Background and aims: Hypoglycemia may lead to anxiety, poor adherence, and hypoglycemia unawareness and is especially a threat during the night in patients with insulin-treated type 2 diabetes (T2D). It would therefore be beneficial to warn patients at risk of hypoglycemia at bedtime so they can react accordingly and avoid the episode. Hence, the aim of the present study was to develop a model for predicting nocturnal hypoglycemia.
Methods: Continuous glucose monitoring (CGM), mealtime, and insulin data were collected from 67 insulin-treated patients with T2D (NCT01819129). Data were structured into 24-hour periods and labeled as nocturnal hypoglycemia or not depending on whether 15 consecutive minutes were spent below 3.0 mmol/L (54 mg/dL) during the following night. Each period was divided into "last night," "morning," "day," and "evening" for feature extraction purposes, and 72 potential features were extracted for every period. A five-fold cross-validation was used to select features by forward selection and for training and validating a model based on logistic regression.

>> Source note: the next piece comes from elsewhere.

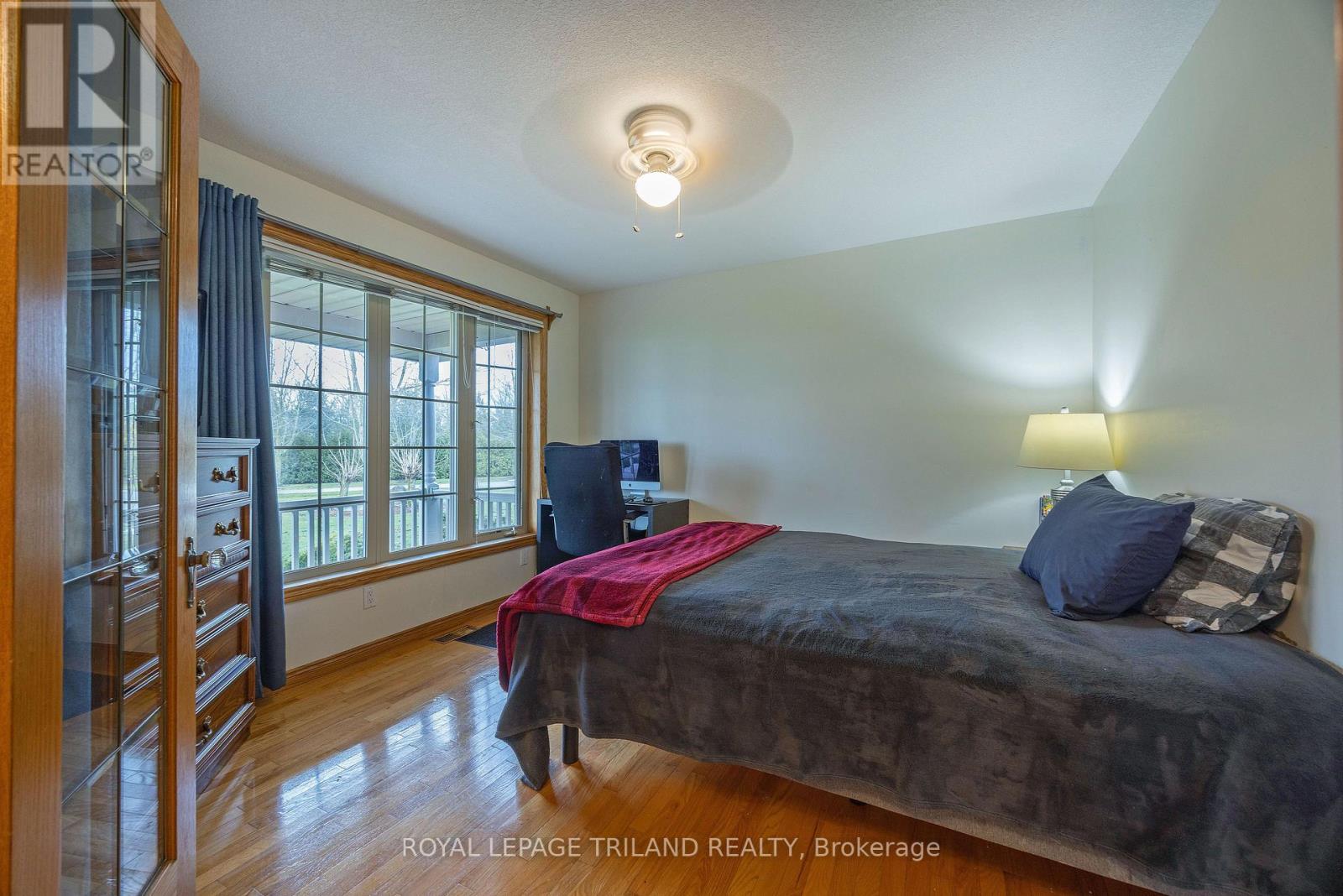 22164 Dundonald Road Property Photo 14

Results: The prediction model was based on 30 patients with 60/496 periods resulting in nocturnal hypoglycemia. Forward selection revealed that the best features were based on CGM and involved the last value and mean value during the evening, as well as the relative difference in maximum value during the day between the present period and previous periods. The model obtained a mean area under the receiver operating characteristics curve (AUC) of 0.82 with an accuracy of 0.79.
Conclusions: The model was able to predict nocturnal hypoglycemia with an acceptable accuracy and could therefore prevent such cases.
Keywords: blood glucose monitoring; hypoglycemia; prediction; type 2 diabetes.